Task instructions — Write down the lines exactly as they appear, from the one that contains "Subtle strokes depict" through the final line of the records, so that both ends are kept and no pictures come along.

Records from a data collection —
****************

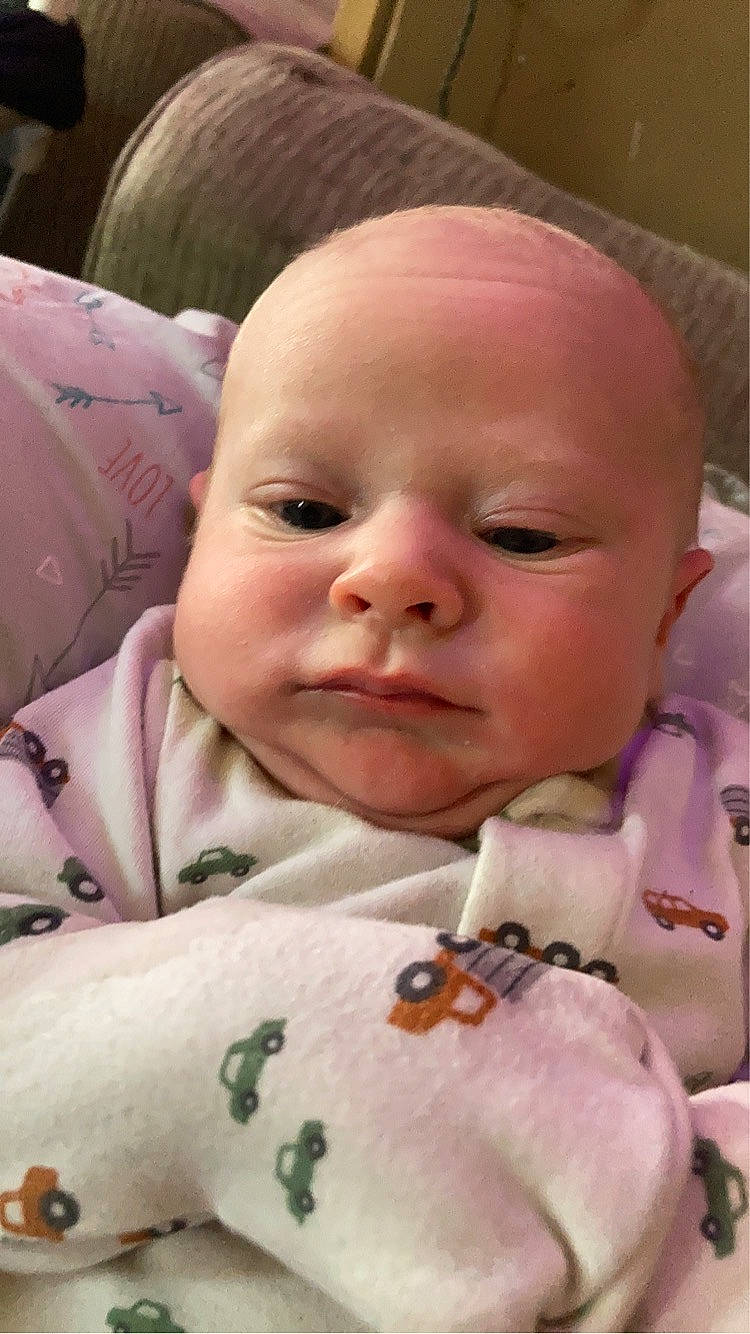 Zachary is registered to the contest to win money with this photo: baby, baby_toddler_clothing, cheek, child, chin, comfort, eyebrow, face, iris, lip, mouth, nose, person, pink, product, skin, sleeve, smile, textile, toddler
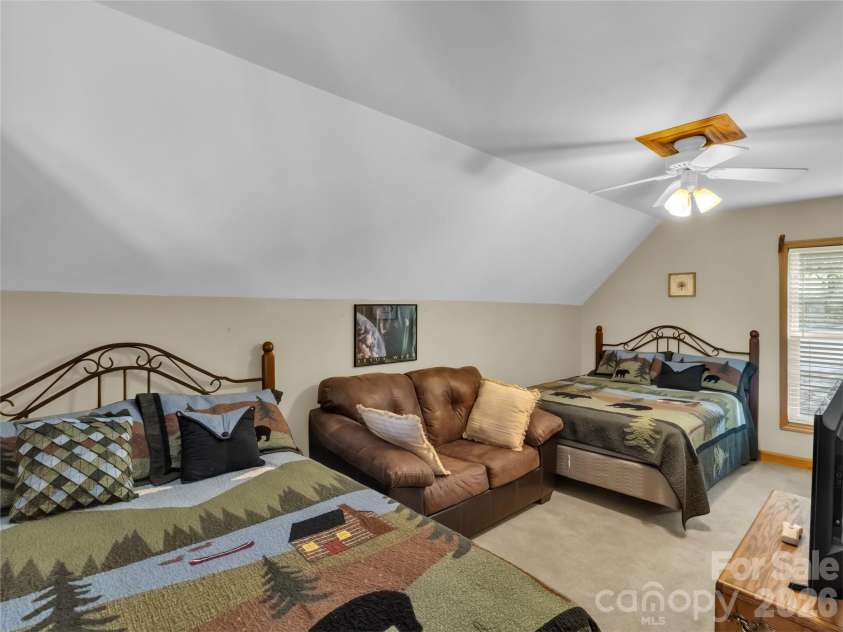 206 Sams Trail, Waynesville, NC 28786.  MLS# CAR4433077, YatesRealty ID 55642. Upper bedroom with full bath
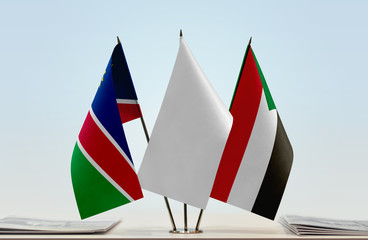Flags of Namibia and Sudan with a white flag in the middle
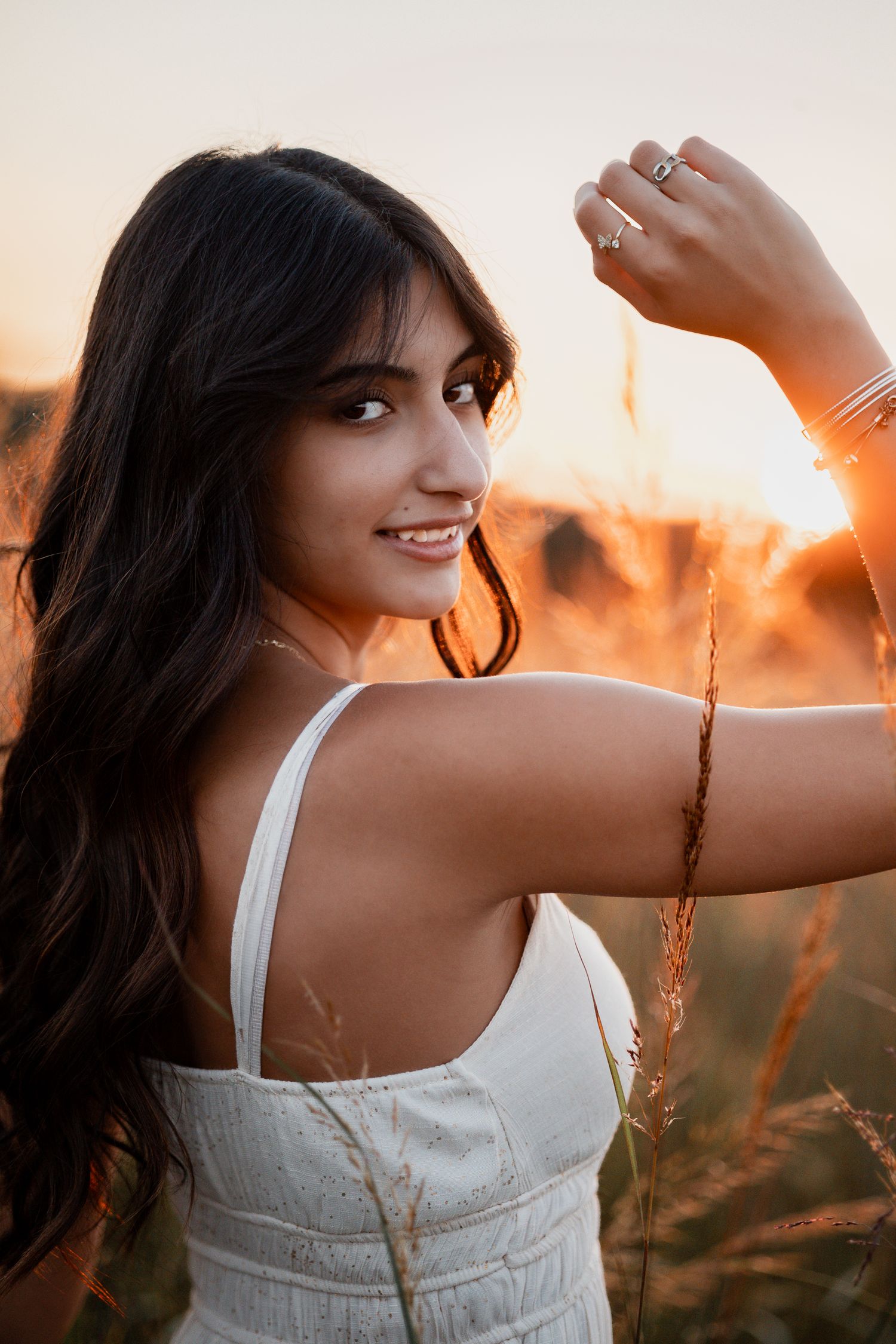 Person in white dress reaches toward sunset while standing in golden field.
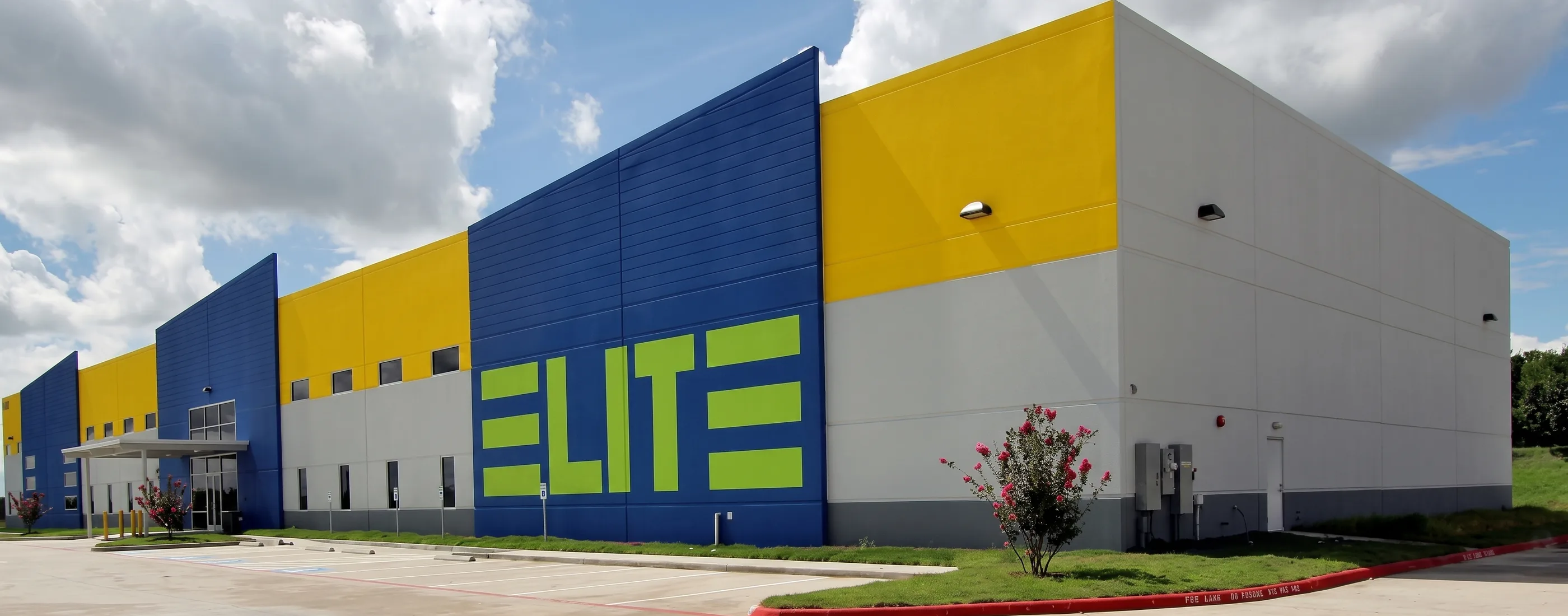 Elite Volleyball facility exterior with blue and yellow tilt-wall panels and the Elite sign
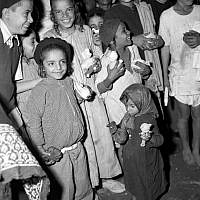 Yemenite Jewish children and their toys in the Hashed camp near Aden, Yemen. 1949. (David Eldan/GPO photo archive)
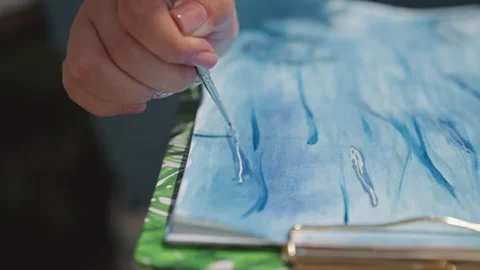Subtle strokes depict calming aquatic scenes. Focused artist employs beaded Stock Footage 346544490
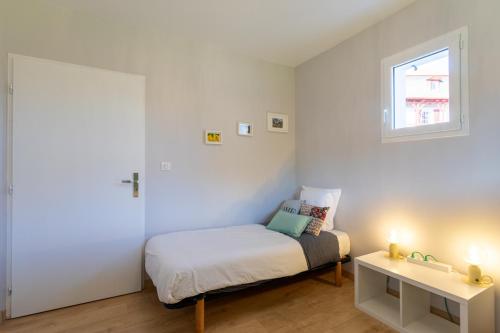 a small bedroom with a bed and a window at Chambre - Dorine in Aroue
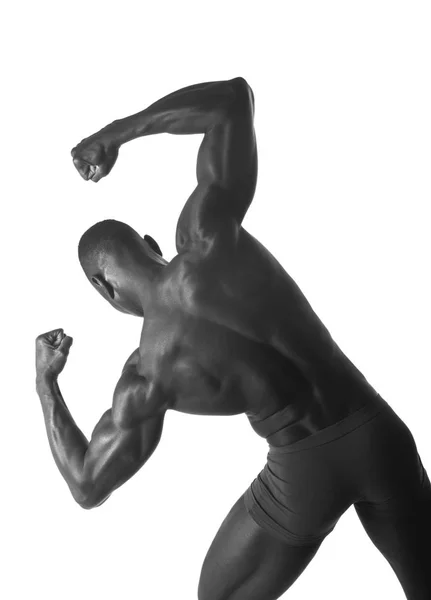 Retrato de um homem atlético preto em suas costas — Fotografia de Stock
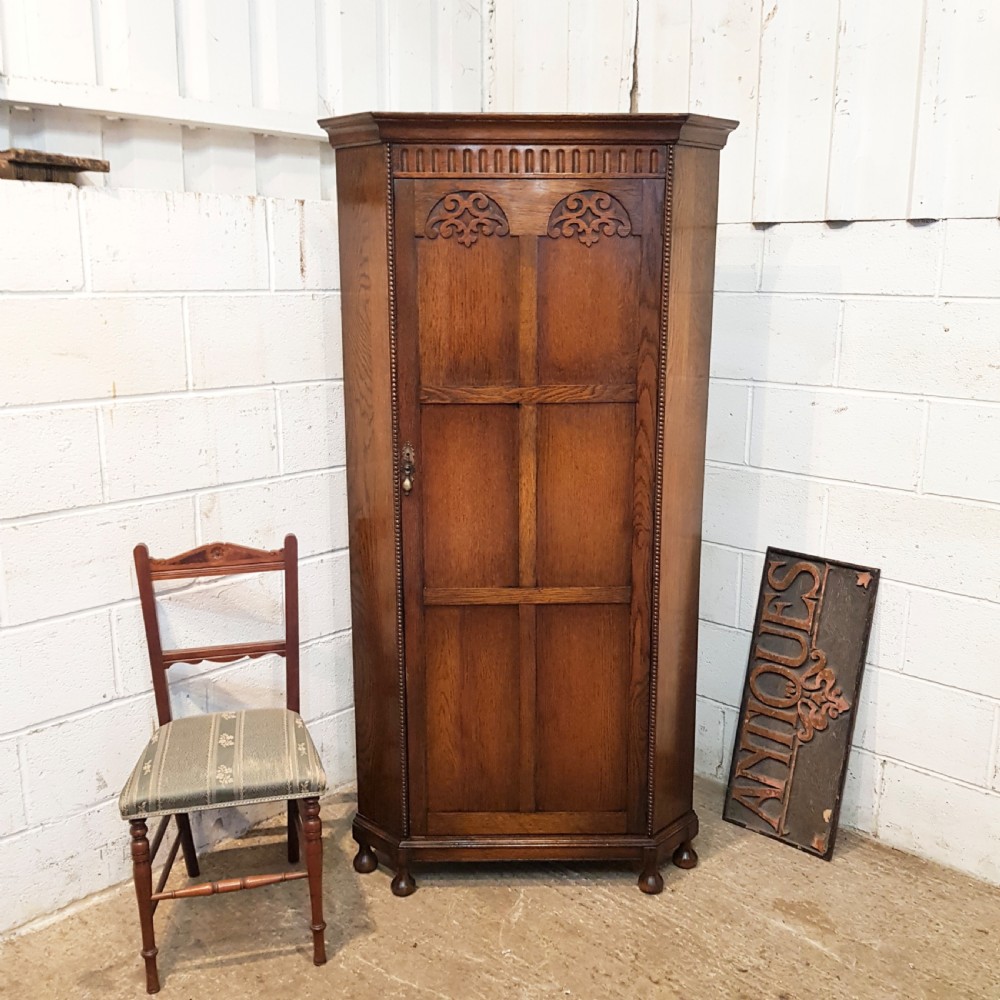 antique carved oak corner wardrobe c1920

****************

Reply —
Subtle strokes depict calming aquatic scenes. Focused artist employs beaded Stock Footage 346544490
 a small bedroom with a bed and a window at Chambre - Dorine in Aroue
 Retrato de um homem atlético preto em suas costas — Fotografia de Stock
 antique carved oak corner wardrobe c1920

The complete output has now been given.